The state appellate court reversed and remanded because the state post-conviction court failed to attach portions of the record refuting Lewis’ claims (Id., Ex. 14). On remand, the state post-conviction court again denied relief (Id., Ex. 16). The state appellate court affirmed (Id., Ex. 19). The appellate court’s mandate issued on
November 27, 1991 (Id., Ex. 20). Lewis filed no further post-conviction motions or petitions until February 19, 2002, when he filed a petition for the writ of habeas corpus in the trial court (Id., Ex. 1 at p. 2). The petition was dismissed on February 25, 2002 (Id., Ex. 1 at p. 2). Beginning in 2013, Lewis filed several more post-conviction motions, all denied (Id.,
Ex. 1 at pp. 1-2). Lewis filed his initial federal habeas petition in this Court on December 28, 2022 (Doc. 1). ANALYSIS Lewis’ convictions were final before the 1996 enactment of the AEDPA. Prisoners seeking federal habeas corpus relief from a conviction, which became final before April 24, 1996, must have filed their petition in federal court by April 23, 1997, one year after the effective date of the AEDPA. Wilcox v. Florida Department of Corrections, 158 F.3d 1209 (11th Cir. 1998); Goodman v. United States, 151 F.3d 1335
(11th Cir. 1998). Thus, petitioners like Lewis, whose convictions became final before April 24, 1996, had until April 23, 1997, to file a petition for writ of habeas corpus absent properly filed collateral applications in the state court, which tolled the statutory period. Lewis had no post-conviction motion pending between April 24, 1996, and
April 23, 1997. He filed a post-conviction motion/habeas petition in state court on February 19, 2002, and several more post-conviction motions beginning in 2013. However, none of those post-conviction motions tolled the running of the AEDPA’s limitations period because they were initiated well after it expired on April 23, 1997.

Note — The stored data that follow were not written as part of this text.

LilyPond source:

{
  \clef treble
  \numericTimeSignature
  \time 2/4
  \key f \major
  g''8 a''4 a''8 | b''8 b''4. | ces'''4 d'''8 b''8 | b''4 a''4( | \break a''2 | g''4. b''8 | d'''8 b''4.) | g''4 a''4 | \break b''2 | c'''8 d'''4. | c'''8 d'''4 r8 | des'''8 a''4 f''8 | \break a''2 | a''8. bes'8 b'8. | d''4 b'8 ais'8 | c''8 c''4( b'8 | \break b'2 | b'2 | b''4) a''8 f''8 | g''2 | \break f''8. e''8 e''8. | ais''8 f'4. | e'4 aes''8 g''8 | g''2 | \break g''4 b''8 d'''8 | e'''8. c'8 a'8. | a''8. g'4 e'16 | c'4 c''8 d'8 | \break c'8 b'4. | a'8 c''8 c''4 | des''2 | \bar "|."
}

See Alexander v. Secretary, Dept. of Corrections, 523 F.3d 1291, 1294 (11th Cir. 2008) (“While a 3.850 motion is a tolling motion under § 2244(d)(2), it could not toll the one-year limitations period if that period already had expired.”) (citing Webster v. Moore, 199 F.3d 1256, 1259 (11th Cir. 2000)). Thus, the instant federal habeas petition is untimely as it was filed after expiration of the AEDPA’s one-year limitations period.

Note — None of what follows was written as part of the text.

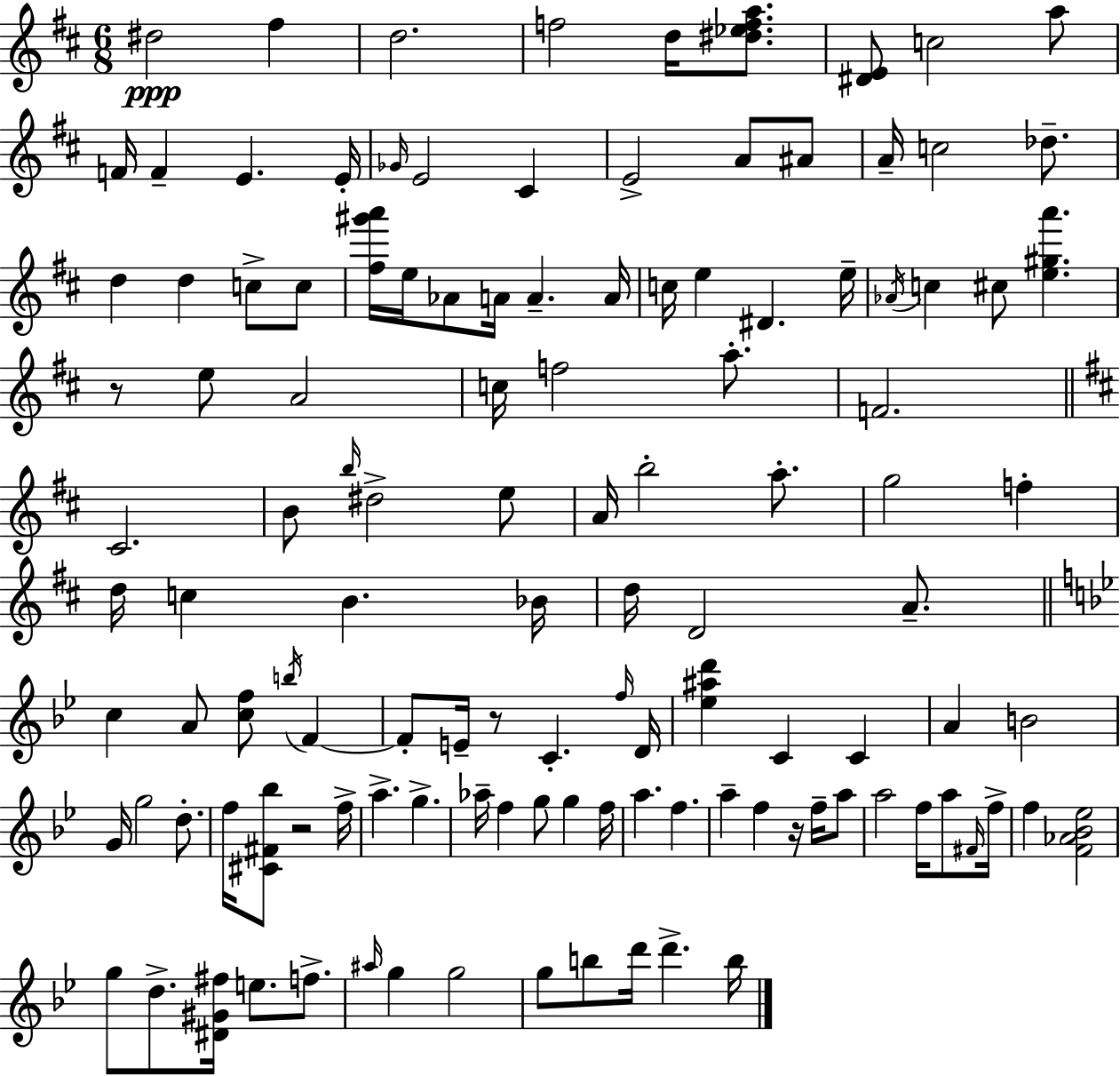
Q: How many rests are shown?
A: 4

Lewis has shown neither extraordinary circumstances that prevented him from filing his federal petition within the one-year time limit (see Holland v. Florida, 560 U.S. 631, 645 (2010)) nor that he is actually innocent of the crimes for which he was convicted (see McQuiggin v. Perkins, 569 U.S. 383 (2013)).! Therefore, his petition is time-barred. Accordingly: 1. Lewis’ petition for the writ of habeas corpus (Docs. 12, 17) is DISMISSED as time-barred. 2. If Lewis appeals the dismissal of the petition, the Court denies a certificate of appealability. Because the Court has determined that a certificate of appealability is unwarranted, Lewis may not appeal in forma pauperis. 3. The Clerk of the Court is directed to close this case. ORDERED in Tampa, Florida, on April 1, 2025.

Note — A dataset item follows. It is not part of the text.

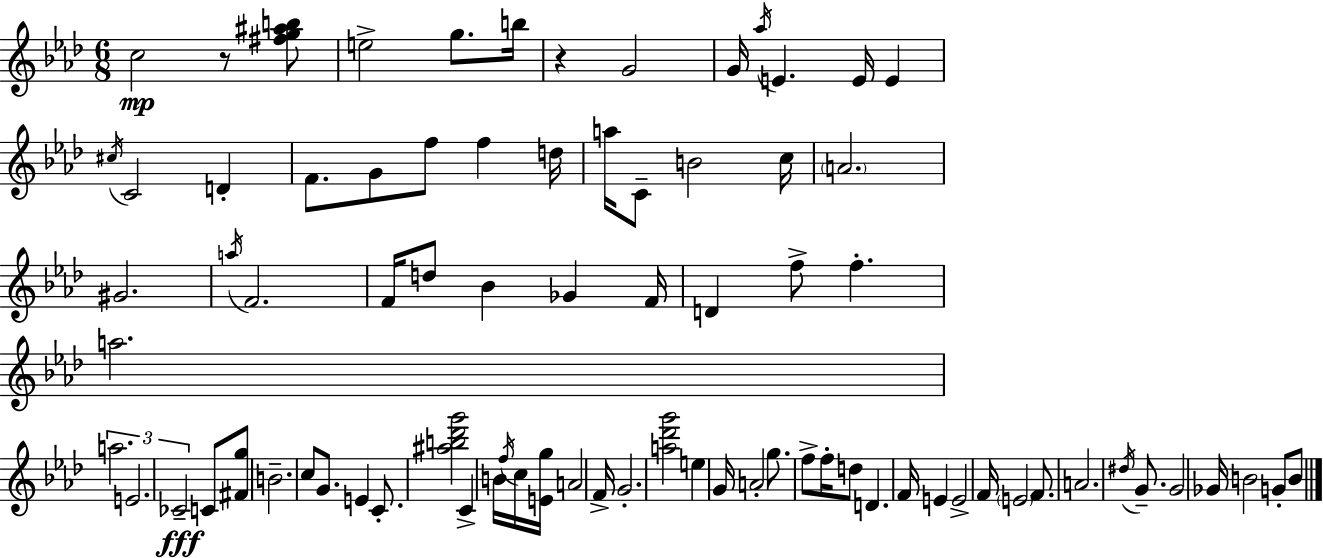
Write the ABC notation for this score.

Chal Qe AiwJarnda Mo Pas yl 0. Charlene Edwards Honeywell United States District Judge Copies to: Victor Lee Lewis, pro se Counsel of Record
' Lewis’ vague assertion that he had no assistance of counsel or prison law clerks to prepare a habeas petition (see Doc. 17-1 at pp. 14-15) warrants no equitable tolling. See, e.g., Gonzalez v. Sec’y, Fla. Dep’t of Corr., 2018 WL 2100043, at *3 (M.D. Fla. May 7, 2018) (lack of access to inmate law clerks not an extraordinary circumstance justifying equitable tolling); Miller v. Florida, 307 F. App’x 366, 368 (11th Cir. 2009) (affirming a district court’s dismissal of a habeas petition as untimely; “restricted access to a law library, lock-downs, and solitary confinement,” as well as “lack of legal training” and “inability to obtain appointed counsel” seldom qualify as circumstances warranting equitable tolling).